Gündem Uyanış
NEDRET KANUNU VE İKTİDAR ZEHİRLEMESİ
16-12-2014 15:19 2367

NEDRET KANUNU VE İKTİDAR ZEHİRLEMESİ

 

 

Ekonomi biliminde “Nedret kanunu “ diye bilinen bir kanun var. Bütün iktisat öğrencileri “İktisada giriş” kitabında bu kanunla mutlaka tanışmışlardır. İktisat bilimini tarif etmede de etkili ve hafıza da iz bıraktığı için rahat unutulmamaktadır. Bu kelime “ nadir” kelimesinden kaynaklanmaktadır.  Yani az bulunur anlamına gelmektedir. Bu kelimeyi daha anlaşılır kılabilmek için “ kıtlık kanunu” olarak ta ifade edebiliriz.

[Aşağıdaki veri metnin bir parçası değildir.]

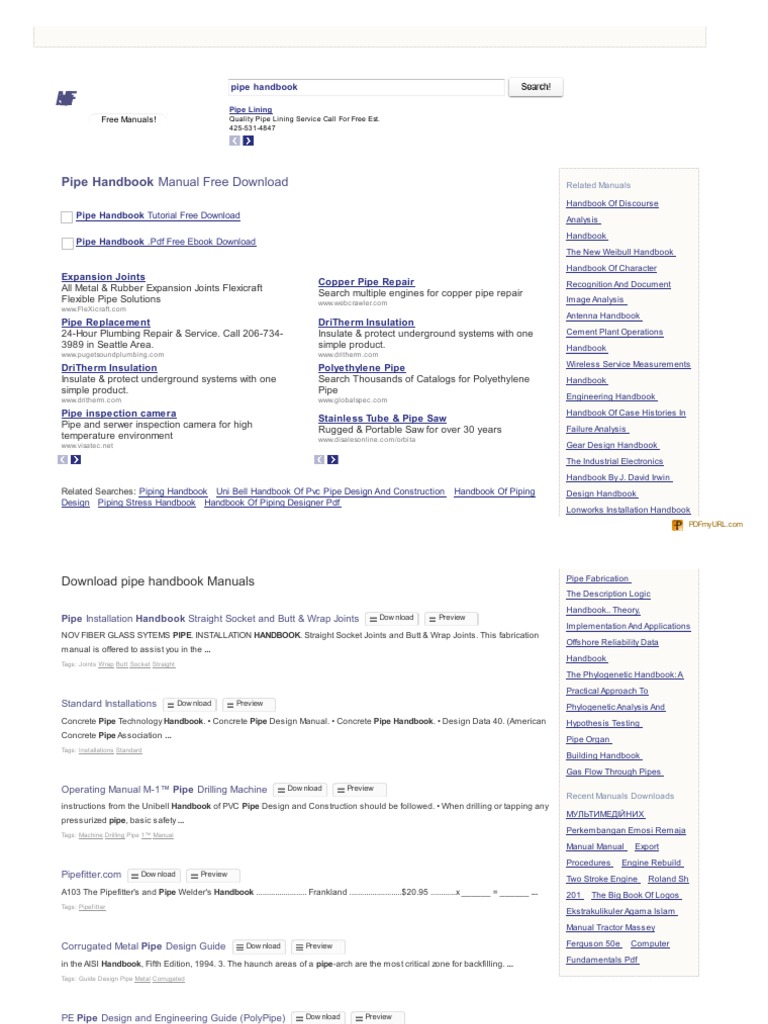 Plumbing manual pdf free download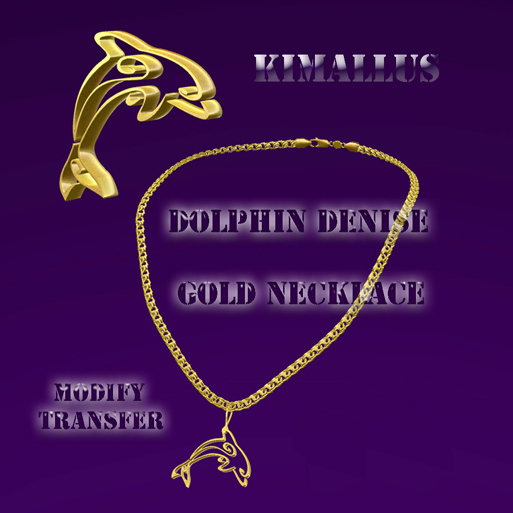 Dolphin Denise Gold Necklace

Yani insan ihtiyacı sınırsız ve bu ihtiyaçları karşılayan ihtiyaç maddeleri sınırlıdır. Kıttır. İşte İktisat bilimi de sınırlı olan ihtiyaç maddeleriyle sonsuz olan İnsan ihtiyacını Optimal yani en uygun şekilde karşılamayı öğreten bilim dalıdır.

Bu bilimsel tanıma, yaşamdan bir örnek vermek gerekirse uçsuz bucaksız bir çölün ortasında, kızgın güneşin altında susuzluktan boğulmak üzere olan bir insan İçin gerekli olan ve aynı zamanda değerli olan bir bardak su dur. Çünkü kıt olan, hatta çöl koşullarında zor bulunan su, zor durumda olan bu insan için yaşamsal önemdedir. Altın ve mücevherattan daha kıymetlidir.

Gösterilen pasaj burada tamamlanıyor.